We proceed to prove the representation theorem announced in the Introduction.

Theorem 18

Let \(X=Y\) and let T be acting vertically. Take \(X_{0}\) as in Definition 6. Define \(F:X_{0}\times \mathbb {R}\rightarrow X_{0}\times \mathbb {R}\) by

$$\begin{aligned} F(x,s):=(x,(T\overline{s})(x)) \quad \quad (x\in X_{0},s\in \mathbb {R}). \end{aligned}$$

Then F is a homeomorphism and for every \(f\in C(X)\) we have

$$\begin{aligned} (x,(Tf)(x))=F(x,f(x)) \quad \quad (x\in X_{0}). \end{aligned}$$
(1)

Putting it differently: if for \(g\in C(X)\) we define \(\Gamma _{g}:=\{(x,y)\in X_{0}\times \mathbb {R}: y=g(x)\}\) (so that \(\Gamma _{g}\) is dense in the graph of g), then F maps \(\Gamma _{f}\) onto \(\Gamma _{Tf}\) (\(f\in C(X)\)).

Proof

  1. (1)

    If \(x\in X_{0}\), \(f\in C(X)\) and \(s=f(x)\), then \((Tf)(x)=(T\overline{s})(x)\) by Lemma 7. This proves Eq. (1).

  2. (2)

    Take \(x\in X_{0}\) and consider the function \(\phi :s\rightarrowtail (T\overline{s})(x)\) \((s\in \mathbb {R})\).
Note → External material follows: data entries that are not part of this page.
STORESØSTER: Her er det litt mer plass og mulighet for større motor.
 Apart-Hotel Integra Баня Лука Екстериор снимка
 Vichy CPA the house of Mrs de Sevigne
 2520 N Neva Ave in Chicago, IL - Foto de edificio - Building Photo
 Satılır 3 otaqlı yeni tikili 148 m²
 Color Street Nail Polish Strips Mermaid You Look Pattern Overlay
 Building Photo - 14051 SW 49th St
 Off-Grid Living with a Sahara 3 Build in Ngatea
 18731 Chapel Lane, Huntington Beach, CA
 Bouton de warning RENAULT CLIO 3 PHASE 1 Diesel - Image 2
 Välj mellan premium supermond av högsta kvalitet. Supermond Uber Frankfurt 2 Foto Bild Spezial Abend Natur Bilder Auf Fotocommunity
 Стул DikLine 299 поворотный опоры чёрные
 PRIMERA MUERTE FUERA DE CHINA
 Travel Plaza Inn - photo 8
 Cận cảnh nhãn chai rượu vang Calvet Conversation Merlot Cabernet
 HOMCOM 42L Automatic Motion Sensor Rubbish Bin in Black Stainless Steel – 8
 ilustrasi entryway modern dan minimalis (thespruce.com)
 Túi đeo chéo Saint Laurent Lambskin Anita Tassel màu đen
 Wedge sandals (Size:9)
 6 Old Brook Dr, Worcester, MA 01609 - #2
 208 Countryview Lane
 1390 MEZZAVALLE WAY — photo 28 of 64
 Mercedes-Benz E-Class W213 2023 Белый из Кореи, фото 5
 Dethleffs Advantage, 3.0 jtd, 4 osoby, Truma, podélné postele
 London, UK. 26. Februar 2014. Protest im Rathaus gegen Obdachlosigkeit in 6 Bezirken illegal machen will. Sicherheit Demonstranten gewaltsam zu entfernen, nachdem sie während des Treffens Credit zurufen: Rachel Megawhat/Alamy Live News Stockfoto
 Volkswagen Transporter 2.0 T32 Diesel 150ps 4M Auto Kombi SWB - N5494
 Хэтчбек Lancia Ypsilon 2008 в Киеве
It follows from Lemma 7 that \(\phi \) is strictly increasing. For \(t\in \mathbb {R}\), setting \(s:=(T^{-1}\overline{t})(x)\) we have \(\overline{s}(x)=(T^{-1}\overline{t})(x)\), so, again by Lemma 7, \((T\overline{s})(x)=\overline{t}(x)=t\) i.e. \(\phi (s)=t\). Thus, \(\phi :\mathbb {R}\rightarrow \mathbb {R}\) is strictly increasing and surjective, hence continuous.

  3. (3)

    Define the function \(\Phi \) on \(X_{0}\times \mathbb {R}\) by:

    $$\begin{aligned} \Phi (x,s):=(T\overline{s})(x) \quad \quad (x\in X_{0}, s\in \mathbb {R}), \end{aligned}$$

    so that \(F(x,s)=(x,\Phi (x,s))\) \((x\in X_{0},s\in \mathbb {R})\). We prove \(\Phi \) to be continuous: Let \(r\in \mathbb {R}\). We show that the set \(A:=\{(x,s)\in X_{0}\times \mathbb {R}:\Phi (x,s)>r\}\) is open. Take \((x_{0},s_{0})\in A\); we make an open \(W\subseteq X_{0}\) and an \(s'\in \mathbb {R}\) for which:

    $$\begin{aligned} (x_{0},s_{0})\in W\times (s',\infty )\subseteq A. \end{aligned}$$
    (2)

    We have \(\Phi (x_{0},s_{0})>r\). By (2) there is an \(s'<s_{0}\) with \(\Phi (x_{0},s')>r\). The continuity of \(T(\overline{s'})\) entails that the set \(W:=\{x\in X_{0}:\Phi (x,s')>r\}\) is open in \(X_{0}\). Of course it contains \(x_{0}\). If \(x\in W\) and \(s\in (s',\infty )\), then \(\Phi (x,s)\ge \Phi (x,s')>r\), so \((x,s)\in A\). We have Eq. (2). In the same way one shows that for every \(r\in \mathbb {R}\) the set \(\{(x,s)\in X_{0}\times \mathbb {R}:\Phi (x,s)<r\}\) is open. Thus, \(\Phi \) is continuous, and so is F.

  4. (4)

    With the order automorphism \(T^{-1}\) we associate a continuous \(G:X_{0}\times \mathbb {R} \rightarrow X_{0}\times \mathbb {R}\):

    $$\begin{aligned} G(x,s)=(x,(T^{-1}\overline{s})(x)). \end{aligned}$$

    Then

    $$\begin{aligned} (x,(T^{-1}g)(x))=G(x,g(x)) \quad \quad (x\in X_{0},g\in C(X)). \end{aligned}$$

    In particular, for all (xs) in \(X_{0}\times \mathbb {R}\)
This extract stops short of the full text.